_Given entries_.
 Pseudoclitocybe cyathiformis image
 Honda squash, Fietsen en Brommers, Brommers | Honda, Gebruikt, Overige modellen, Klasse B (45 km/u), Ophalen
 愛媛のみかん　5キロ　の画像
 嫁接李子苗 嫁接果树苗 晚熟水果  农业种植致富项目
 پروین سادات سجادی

--

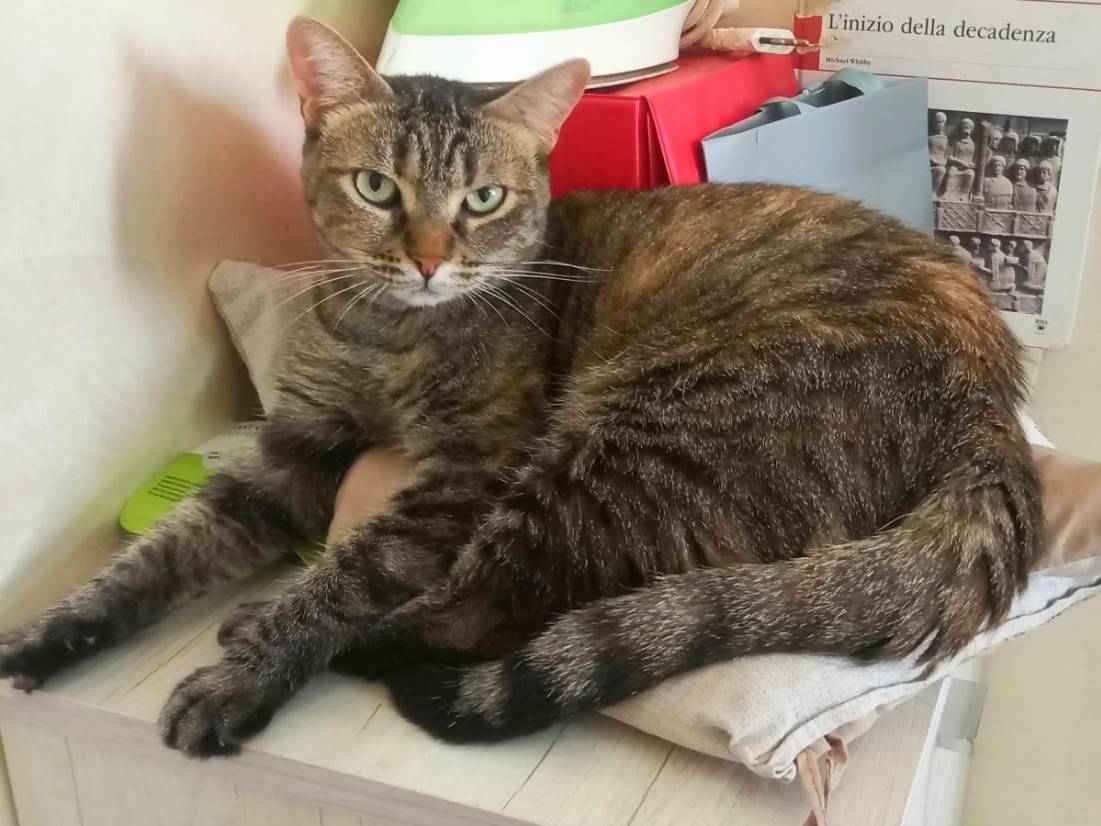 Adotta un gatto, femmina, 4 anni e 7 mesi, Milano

_What the task asks_. Transcribe the records above from the line holding "愛媛のみかん　5キロ　の画像" down to the line holding "پروین سادات سجادی", inclusive, without adding anything.

_Solution to this exercise_.
 愛媛のみかん　5キロ　の画像
 嫁接李子苗 嫁接果树苗 晚熟水果  农业种植致富项目
 پروین سادات سجادی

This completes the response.